Encouraged by progress in China's battle against corruption, people across the country and their representatives at the top legislature, the National People's Congress (NPC), are still eager for more achievements.
Another high-ranking official? An executive of a state company? or a village head? One of much asked questions is who will be the next target of China's mounting anti-corruption campaign after a series of graft scandals had been exposed and criminals punished.
"We are still investigating some big cases," said Cao Qingze, deputy secretary of the Central Commission for Discipline Inspection of the Communist Party of China, but was tight-mouthed about details, at the on-going NPC session.

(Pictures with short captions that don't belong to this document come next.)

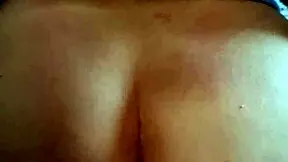 Amateur college girl displays her tight ass in doggy position on bed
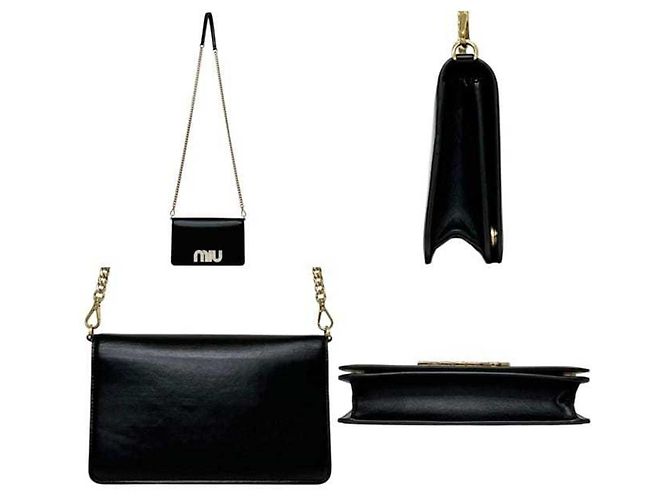 Bolso cartera de hombro con cadena Miu Miu - vista 2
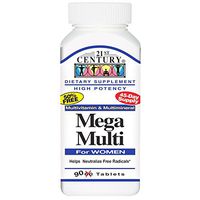 MEGA MULTI-VIT FOR WOMEN TABS 90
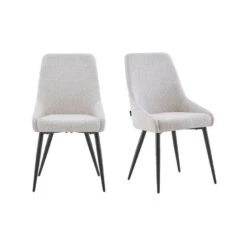 Furnihaus Eetkamerstoelen Set Van 4 Oscar Boucle Beige -Leen Bakker Winkel f0d9cce8146a49f9a32563f5fda9a4e6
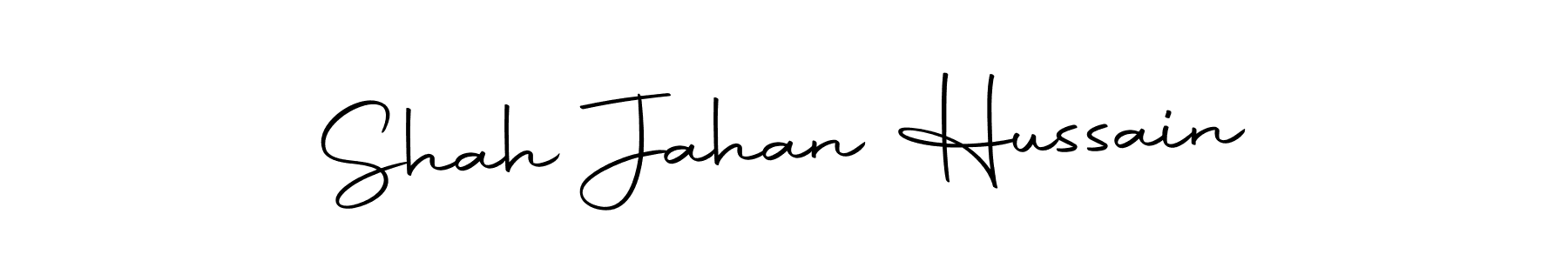 Create a beautiful signature design for name Shah Jahan Hussain. With this signature (Autography-DOLnW) fonts, you can make a handwritten signature for free. Shah Jahan Hussain signature style 10 images and pictures png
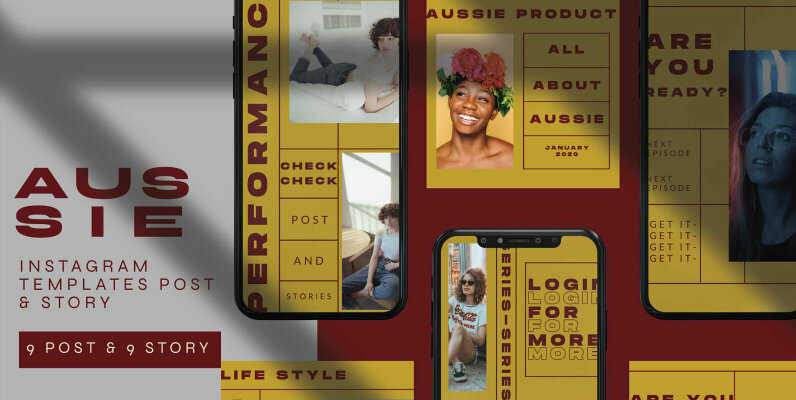AUSSIE Instagram Template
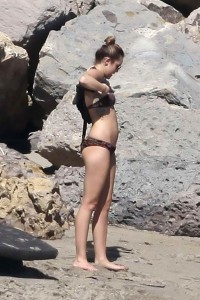 Miley Cyrus in Bikini at The Beach in Malibu-4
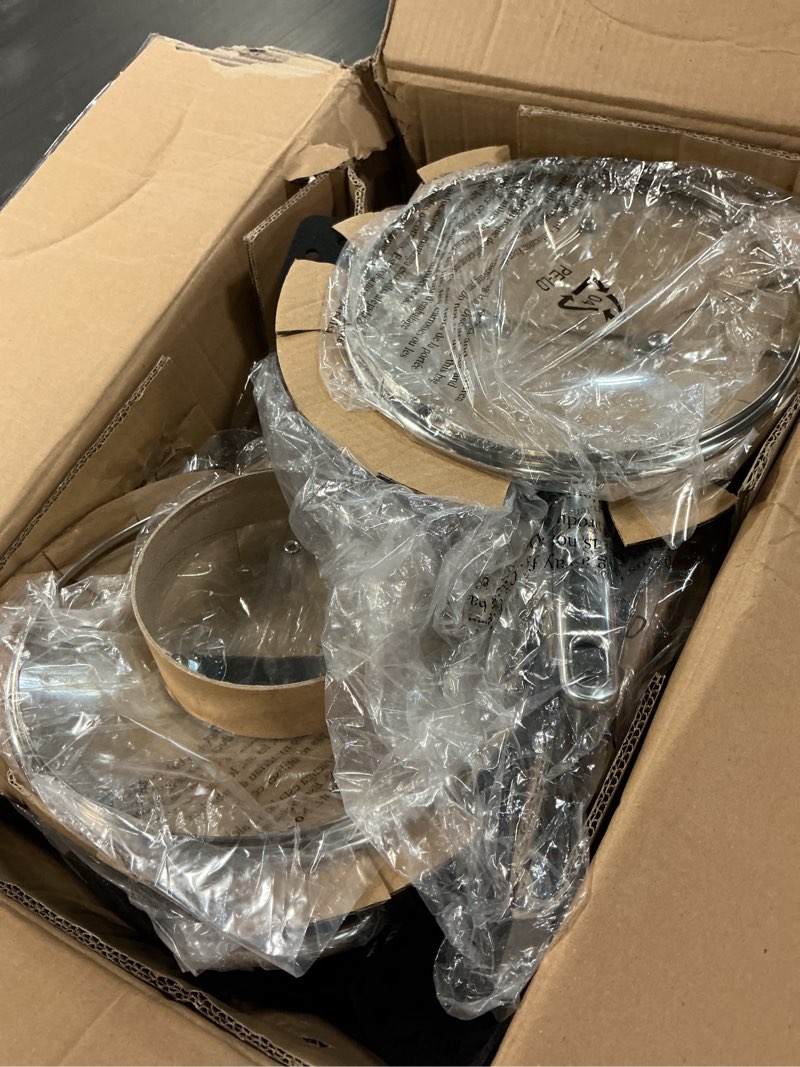 Condition photo showing Good Condition for meythway stainless steel pots and pans set non toxic, 6pcs kitchen cookware sets with stay-cool handles, dishwasher safe&compatible with all stovetops(gas,electric&induction) silver 6-piece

However, one thing is clear: corruption probe has forced officials at different levels to be more careful, and avoid to be the campaign's new preys.
"We must draw a lesson from the scandals and take a serious attitude towards the issue, and build a real clean government through self-discipline," said Fujian Governor Xi Jinping, a deputy to the NPC.
Anti-corruption efforts were intensified in the year 2000 and remain a hot topic at the current NPC annual session. Last year China sentenced former Jiangxi deputy governor Hu Changqing and NPC Standing Committee vice-chairman Cheng Kejie to death. Cheng was the highest-ranking official ever executed since 1949.
Prosecutors also investigated the Xiamen smuggling case in Fujian Province, which was believed to be the most notorious smuggling scandal in Chinese history. Major culprits including several senior officials were executed.
The anti-corruption campaign has also revealed a few corrupt Communist Party officials have connections with a brutal underground organization in the northern city of Shenyang.
According to Han Zhubin, head of the Supreme People's Procuratorate who delivered a work report at the NPC session today, 45,000 corrupt cases were investigated last year and seven corrupt officials at the ministerial or provincial level were penalized, in addition to thousands of lower-ranking officials.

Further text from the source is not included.